Long before the introduction of mechanical printing, people were buying and reading books. Those older volumes were luxury products, large and expensive, richly dressed, copied by hand. At the end of the 15th century, when Manutius and his competitors began to offer a new kind of book – smaller, cheaper, with letters stamped deeply into the page with metal type – it’s natural that their initial customers were readers accustomed to those older volumes. Those readers were happy to have access to smaller, cheaper books, of course – but many of them preferred the look of text laid down by a human hand.

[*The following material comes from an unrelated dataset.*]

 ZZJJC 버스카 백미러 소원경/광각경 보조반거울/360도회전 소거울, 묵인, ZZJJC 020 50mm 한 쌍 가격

Eager to please, Manutius and his collaborator Francesco Griffo designed and fabricated a set of swooping, slashing letterforms that mimicked the hand of the scribe. They did this work in Venice, so their special technique became known first as the Italic type, then the Italics, and then simply italics. The compact volume I saw, printed entirely in those earliest italics: it was a sophisticated simulation. A magic trick.

Italics: a technology with a particular purpose, invented at a particular time, in a particular place.

All the times you’ve used the keyboard shortcut or gone seeking in a text editor’s menu system, have you ever paused to wonder about the inventors of italics? I confess that I had not. Now I think of them constantly.

We look at very old books in very old languages and we think of chilly museums and whispering scholars, but the environment that surrounded and supported Manutius was neither academic nor austere. It was alive and colorful and competitive. Manutius didn’t develop italics as an artistic exercise: it was a feature, a strong new selling point. Fancifully, I imagine advertisements; posters pasted up along the canals:

 

JUST PUBLISHED:

Aristotle’s Nicomachean Ethics

~ With New ScribeLook™ Technology ~

Available Only from Aldus Manutius

 

For me, Manutius and his collaborators  –  it’s important to remember them: the famous figures like Griffo, and the anonymous ones, too: the press operators, the alchemists of ink, the accountants  –  they set the benchmark for cultural production. Not only did they produce tangible work that is still extant five hundred years later (which, you know, ain’t bad): they also introduced technologies that are still in use, still being improved and extended, today.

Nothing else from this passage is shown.